The door was not locked, so I stepped inside and walked to the living room, which boasted a brick fireplace, puffed white and tan decor, polished hardwood floors with a plush, off-white carpet, copies of
Money, Business Week,
and
The Wall Street Journal.
The house and its transient library were about dollars.

Gilman looked up, his watery eyes streaked with red, his face baggy and sodden, his mouth in twitch mode. “You’ve got more hair on the bottom of your head than I
have on the top,” he said, his speech slurred. “What are you doing here?”

“I want to rent an apartment.”

He nodded his head, as if apartment hunting in his living room in the middle of the night made perfectly good sense. “My wife took the kids. She pulled one of ‘em right out of the tub.”

Gilman held up the yellow bath toy. “She took them to a hotel.”

“She must be angry.”

He mumbled something that I could not understand, then thumped his bottle on the
USA Today
weather map. “I’ve been clipping these out of the papers. I intend to prove that these weather maps are more accurate than what those nitwits in Augusta and Boston predict. We have volatile weather here.”

“Stu, how long have you been acting the part of Paul Crandall?” I asked.

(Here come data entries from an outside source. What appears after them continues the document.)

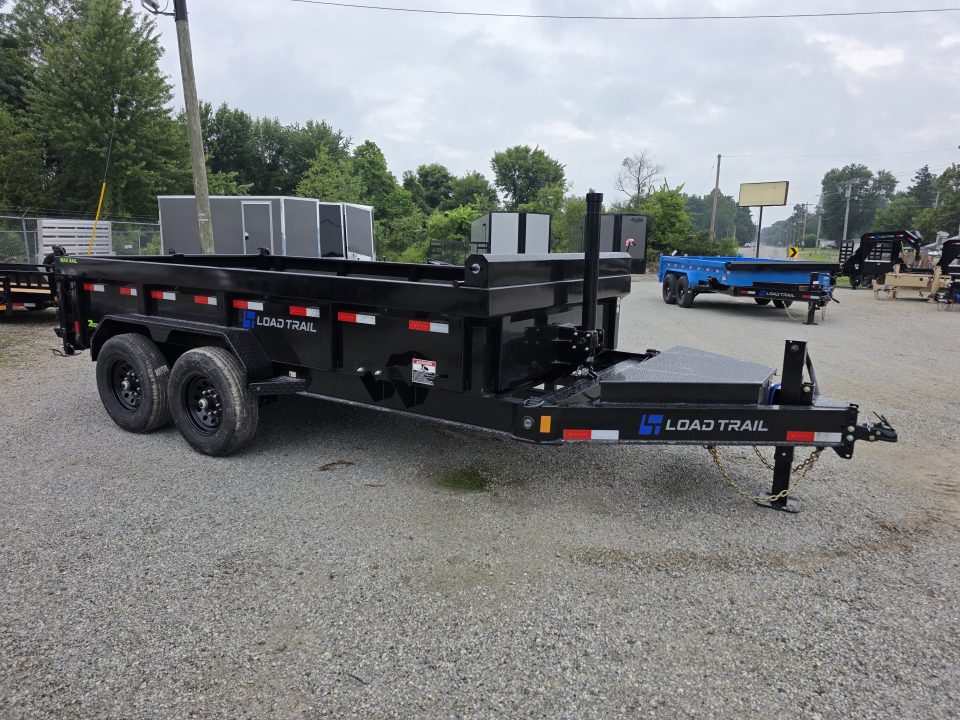 New 2027 Load Trail COMMERCIAL TELESCOPIC 83X14 DUMP TRAILER 2 FT SIDES 7 GA FLOOR 83 X 14 Dump Trailer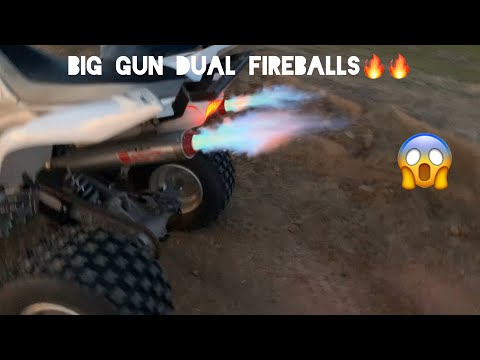 Installing Big Gun Dual Exhaust On a 2007 Yamaha Raptor 700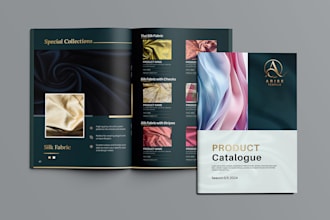 design premium catalog, brochure, or flyer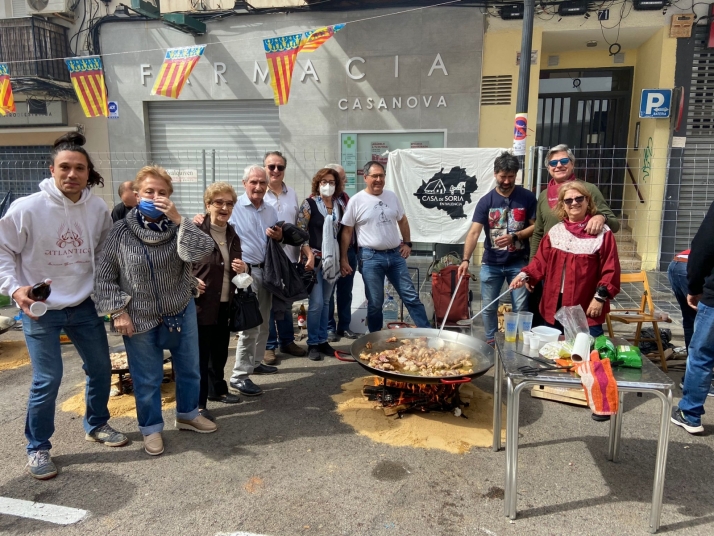La Casa de Soria, segunda en un concurso de paellas en Valencia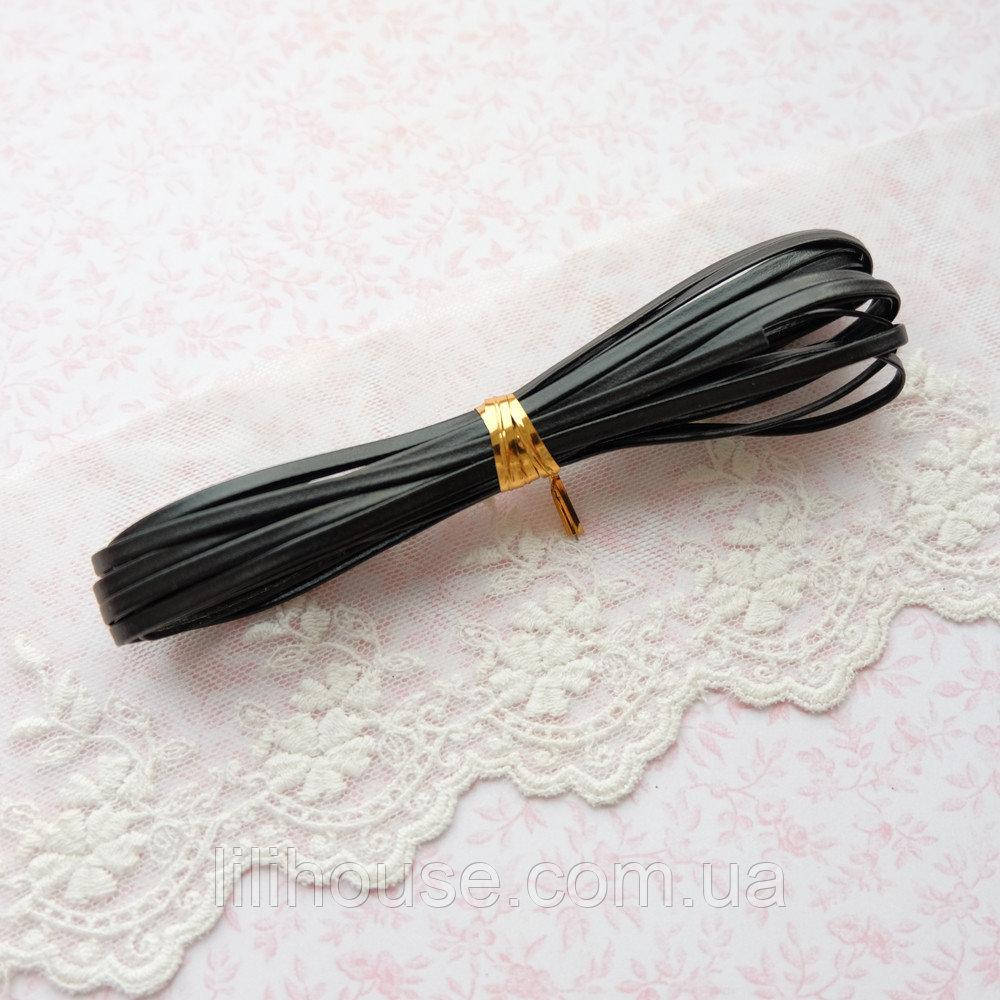 

Ремень для Кукол Отрез 50 см Ширина 5 мм ЧЕРНЫЙ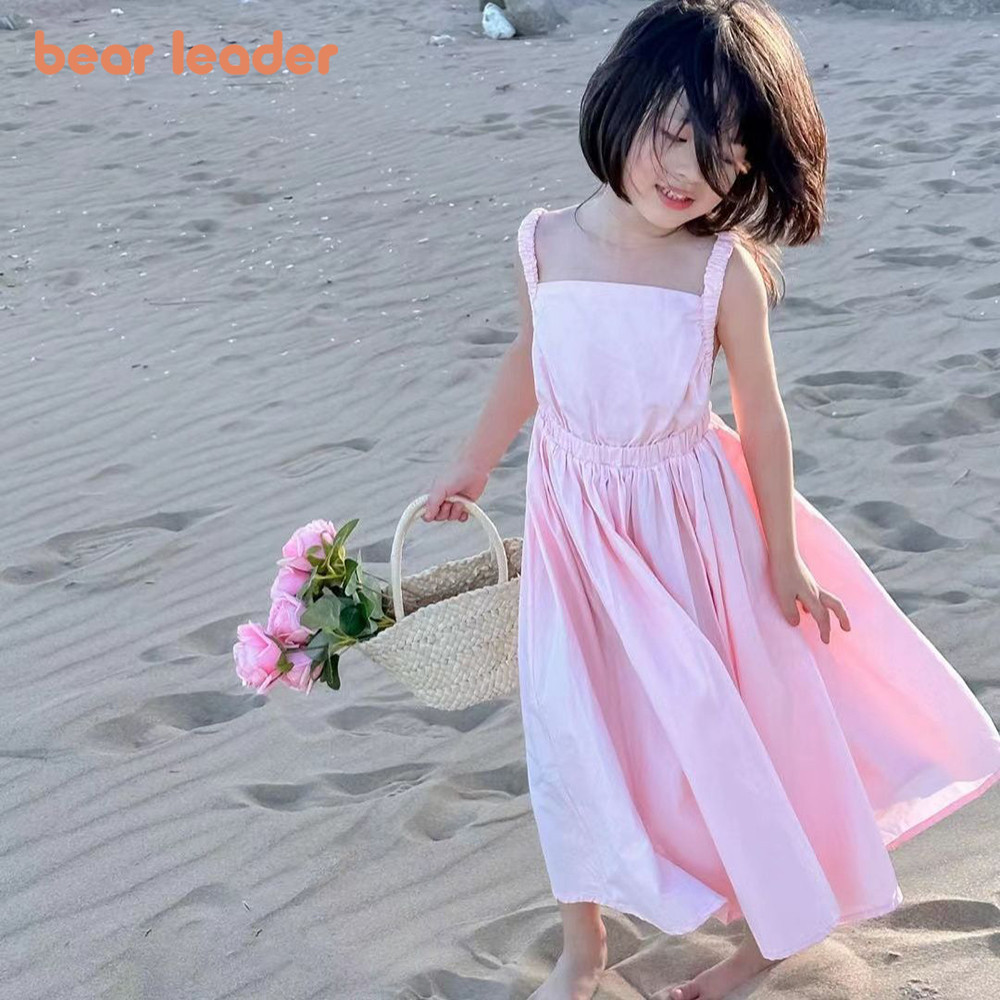 Bear Leader 3-7 Year Old Summer Solid Color Backless Suspender Princess ...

At first, Gilman did not react. He continued to stare at his newspaper. Then his tics and twitches disappeared, and the color drained from his face. He dropped the rubber duck, released his grip on the wine bottle, and pushed himself from the hassock to a kneeling position. “What the fuck do you want?”

Gilman’s voice had the same edge that I had heard when he caught me in the college’s roomful of computers. I was determined not to be blindsided a second time in one night. I was also tired, hungry, and pissed off.

“For starters, an answer to my question,” I said as I grabbed a magazine and rolled it into a tight tube.

“Get a cop and get a warrant,” he said.

I gripped my copy of
Business Week
with my right hand and slapped it against my left. “You ready to post bail?”

“What the hell are you talking about? I haven’t done anything.”

“Creating a false identity, Paul Crandall, and conducting business under that name, is illegal. That’s just for openers.”

Gilman made the move I anticipated. He grasped the hassock, pulled himself to a halfstanding position, and lurched toward me with the grace, coordination, and dexterity of Frankenstein’s monster.

I stabbed forward with the rolled magazine and caught him on the bridge of his nose. He fell sideways onto the couch, covering his face with his hands. Blood seeped between his fingers.

“You broke my fuckin’ nose,” he howled as his blood stained the white sofa. “Shit. Clea’s gonna kill me.”

Still holding one hand over his nose, he pulled out a handkerchief and dabbed at the maroon marks on the fabric.

“No more stunts, Stu. You’re too drunk to damage anyone but yourself.”